Communication Research Centre

Telecommunication transmission systems continue to evolve towards higher data rates, increased wavelength numbers and density, longer transmission distances, and more intelligence. Further development of DWDM and all-optical networking (AON) technologies will require ever-tighter monitoring to assure an agreed quality of service (QoS), characterized by network availability and bit-error rate (BER). Applying traditional monitoring methods to next-generation optical networks can become a complex proposition. For the purpose of obtaining information quickly and accurately in future transmission systems, new monitoring schemes need to be developed and deployed.

Drivers for optical performance monitoring

The basic goal of optical layer monitoring is to prevent network downtime. To accomplish that, an optical monitoring system is required to detect, identify, and localize optical degradations and provide critical inputs to protection switching, equalization, and span management functions. Taking action before transmission errors occur would ensure a high QoS for the network.

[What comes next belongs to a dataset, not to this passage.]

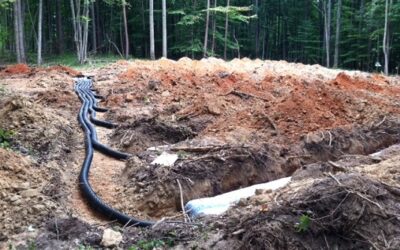 Septic System Basics for Homeowners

Traditional ring-based networks cannot efficiently handle the tremendous growth and dynamic nature of bandwidth demand. With the emergence of photonic switching technology, service providers will have an opportunity to deploy optical mesh networks, which will provide more efficient utilization of WDM networks. There is an economical impact in deploying a mesh topology, resulting in increased revenue opportunities and lower capital and operational costs. Optical performance monitoring plays a key role in assuring redundant protection, bandwidth availability, dynamic traffic re-routing, and tracking of the optical signals and number of channels in use. Additionally, due to network dynamics, real-time compensation schemes may be applied.

Therefore, the main drivers toward new performance monitoring schemes in next generation optical networks are:

• Increasing deployment of all optical networks, i.e. faster transmission rates, longer distances, and ever-higher density (tight channel spacing)
• New network architecture characterized by mesh topology
• Stringent customer requirements for guaranteed QoS.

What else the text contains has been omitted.